■ Assignment: Print the lines in the listing below that fall between the line with "WesternSlant RegularCharacter Map" and the line with "Rhaenyra Targaryen Fantasy", those two lines included, exactly as they stand and with nothing else.

=-=-=

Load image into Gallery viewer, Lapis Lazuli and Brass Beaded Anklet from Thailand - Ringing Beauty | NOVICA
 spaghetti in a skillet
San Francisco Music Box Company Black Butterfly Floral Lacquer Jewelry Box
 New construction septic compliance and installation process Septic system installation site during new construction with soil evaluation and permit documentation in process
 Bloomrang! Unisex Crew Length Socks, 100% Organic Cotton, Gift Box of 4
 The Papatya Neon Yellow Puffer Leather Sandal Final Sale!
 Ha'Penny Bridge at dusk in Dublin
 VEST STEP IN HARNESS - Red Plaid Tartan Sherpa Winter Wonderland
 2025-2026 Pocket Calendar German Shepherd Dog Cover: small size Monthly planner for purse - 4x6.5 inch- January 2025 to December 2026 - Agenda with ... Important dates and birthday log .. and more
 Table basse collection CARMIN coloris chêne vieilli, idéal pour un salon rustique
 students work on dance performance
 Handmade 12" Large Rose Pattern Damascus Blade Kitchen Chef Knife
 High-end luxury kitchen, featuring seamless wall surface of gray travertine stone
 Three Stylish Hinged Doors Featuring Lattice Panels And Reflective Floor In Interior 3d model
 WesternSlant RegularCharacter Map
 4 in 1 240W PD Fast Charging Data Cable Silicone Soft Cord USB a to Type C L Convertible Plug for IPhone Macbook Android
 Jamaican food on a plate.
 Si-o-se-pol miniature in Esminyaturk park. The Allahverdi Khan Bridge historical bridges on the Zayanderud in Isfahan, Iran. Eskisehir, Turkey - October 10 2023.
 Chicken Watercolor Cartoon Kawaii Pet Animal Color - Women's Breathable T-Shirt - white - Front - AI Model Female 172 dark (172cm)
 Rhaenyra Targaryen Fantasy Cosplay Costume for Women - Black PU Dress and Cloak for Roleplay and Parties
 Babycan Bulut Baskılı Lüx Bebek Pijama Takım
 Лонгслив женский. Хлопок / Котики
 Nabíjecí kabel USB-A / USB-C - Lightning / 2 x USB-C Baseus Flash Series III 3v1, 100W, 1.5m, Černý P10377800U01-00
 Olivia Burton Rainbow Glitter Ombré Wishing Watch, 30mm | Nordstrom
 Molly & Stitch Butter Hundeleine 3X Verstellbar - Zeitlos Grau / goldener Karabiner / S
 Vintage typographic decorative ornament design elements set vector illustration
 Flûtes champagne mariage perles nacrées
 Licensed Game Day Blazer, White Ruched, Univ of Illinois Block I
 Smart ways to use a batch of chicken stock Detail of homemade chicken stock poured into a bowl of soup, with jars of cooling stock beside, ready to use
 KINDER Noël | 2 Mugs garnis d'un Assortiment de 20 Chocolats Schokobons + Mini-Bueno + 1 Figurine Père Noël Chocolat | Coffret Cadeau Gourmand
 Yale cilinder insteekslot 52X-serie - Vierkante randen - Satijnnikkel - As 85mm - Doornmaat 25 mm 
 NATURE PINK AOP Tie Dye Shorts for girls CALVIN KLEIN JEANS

=-=-=

■ Written response:
 WesternSlant RegularCharacter Map
 4 in 1 240W PD Fast Charging Data Cable Silicone Soft Cord USB a to Type C L Convertible Plug for IPhone Macbook Android
 Jamaican food on a plate.
 Si-o-se-pol miniature in Esminyaturk park. The Allahverdi Khan Bridge historical bridges on the Zayanderud in Isfahan, Iran. Eskisehir, Turkey - October 10 2023.
 Chicken Watercolor Cartoon Kawaii Pet Animal Color - Women's Breathable T-Shirt - white - Front - AI Model Female 172 dark (172cm)
 Rhaenyra Targaryen Fantasy Cosplay Costume for Women - Black PU Dress and Cloak for Roleplay and Parties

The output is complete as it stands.